Section 1071 of the Dodd-Frank Act directs the CFPB to collect data on lending to small businesses. The goal is to have a better understanding of the lending landscape particularly with businesses owned and operated by women and minorities.

With this principle serving as the foundation for the CFPB, four guidelines acting as the guiding principles include the following:

  1. The CFPB should conduct a comprehensive cost-benefit analysis of any potential rule. They should be open to public comments on the final proposal. Hence, the bureau will have a complete understanding of the practical impacts of the Section 1071 directive on small businesses and the economy.

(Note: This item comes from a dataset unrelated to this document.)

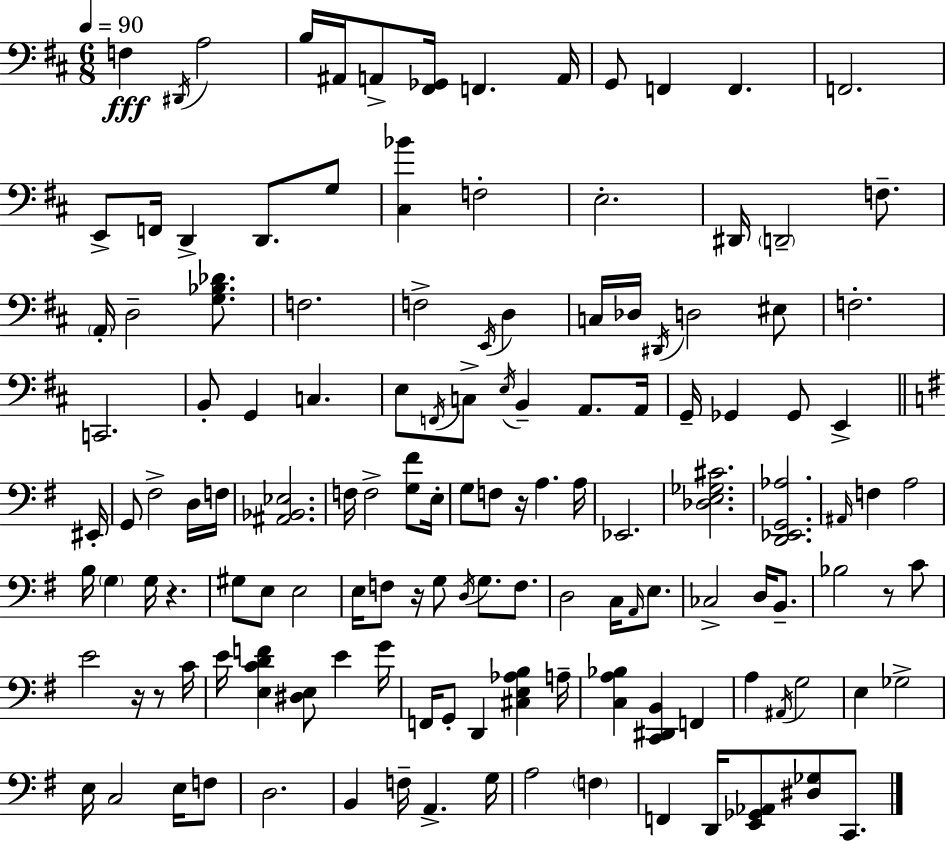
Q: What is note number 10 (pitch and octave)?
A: F2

Since small-business borrowers are having difficulty obtaining access to credit, their inputs will allow the CFPB to make a rule that aligns with the actual needs of the intended recipients.
  2. The bureau should develop a “small business” definition that is specific and understandable. This will assist lending officers in identifying which businesses are subject to data collection and which are not.
  3. The bureau should limit data collection to the minimum requirements. With data breaches a possibility, data protection should be the top priority. Hence, securing borrower information should only be within the boundaries set by the statute. Such approaches safeguards small-business owners. Should CFPB collect more data, the lending process will take longer. Time is critical for any growing small business.
  4. The only way CFPB can protect small-business borrower information is to secure and keep data private. Releasing to the public any sensitive data for identification purposes is inappropriate. Such action is a major blow to small businesses.

With the guidelines in place, the bureau is geared to make a difference in the small-business lending market and see that businesses flourish over time.